The European Commission had previously announced on Tuesday which EU countries will be eligible for assistance in dealing with migration pressure, and which countries will be exempt from helping out as part of an EU Solidarity Pool.

It said that Poland — as well as Austria, Bulgaria, Croatia, Czechia and Estonia — face significant migratory pressure and could request exemptions from the Solidarity Pool, which requires that member states accept a quota of asylum seekers, pay for each person they decline to take in, or offer another form of assistance.

“As I said, Poland will not take in migrants under the Migration Pact. Nor will we pay for it. The decision has been made. We don’t talk, we act,” Prime Minister Donald Tusk wrote on X Tuesday evening. 

The Polish government called the Commission’s plan a “major success,” saying Warsaw had lobbied for months to be recognized as among the countries facing “very serious migratory situations.”

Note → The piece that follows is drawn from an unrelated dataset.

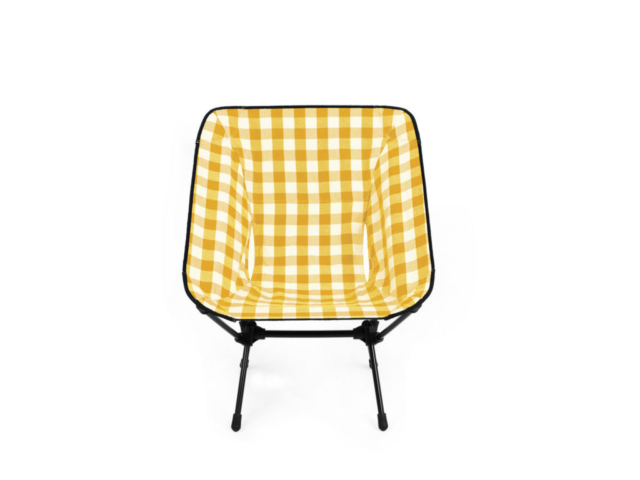 Da colaboração entre a Helinox e a Maison de Vacances resultou esta cadeira, com tecido Mimi Vichy, disponível em três cores, www.helinox.eu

“Our partners [in the EU] know it very well, we’re subject to a very big migration pressure and … we must not face any more commitments,” government spokesman Adam Szłapka said at a Wednesday press briefing.

The Commission’s annual migration assessment, released Nov. 10, found that irregular crossings into the EU were 35 percent lower in the July 2024 to June 2025 period compared to the previous 12 months. Still, several EU states continue to face sustained pressure from irregular arrivals and what Brussels describes as the “weaponisation of migration” by Russia and Belarus.